Coverage Tone

It’s interesting to think how much (and how little) influence news anchors have in the portrayal of stories they tell on network news. This piece from the Washington Post talks about the dilemma people like Charlie Gibson and Brian Williams faced in how to talk and the words to use about the worsening situation in Iraq after the situation started falling apart.

For example, from Brian Williams:

Every day, Williams asked the question: Did Baghdad correspondent Richard Engel have any news other than another 20 Iraqi civilians killed when an IED detonated, leaving the same smoking carcasses and pathetic scenes of loved ones crying? That, Williams felt, was the problem: The horrible had become utterly commonplace. To most Americans, he believed, the war could not be more ephemeral. It was half a world away, and it required no sacrifice by those who did not have a family member in the armed forces.

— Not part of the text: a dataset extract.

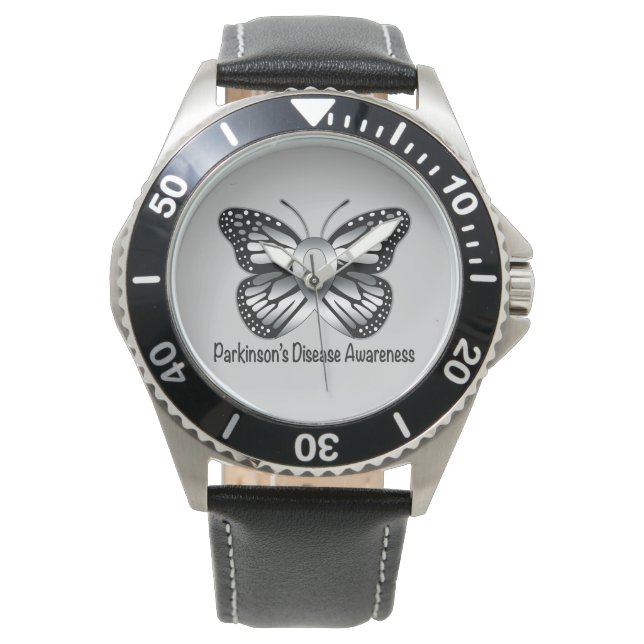 Parkinson's Disease Butterfly Awareness Ribbon Horloge (Voorkant)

The article also talks about how Katie Couric had been somewhat browbeaten by the NBC president on how persistently she probed for answers from Rice.

Couric felt there was a subtle, insidious pressure to toe the party line, and you bucked that at your peril. She wanted to believe that her NBC colleagues were partners in the search for truth, and no longer felt that was the case. She knew that the corporate management viewed her as an out-and-out liberal. When she ran into Jack Welch, the General Electric chairman, he would sometimes say that they had never seen eye to eye politically. If you weren’t rah rah rah for the Bush administration, and the war, you were considered unpatriotic, even treasonous.

I’ll leave conclusions as an exercise to the reader.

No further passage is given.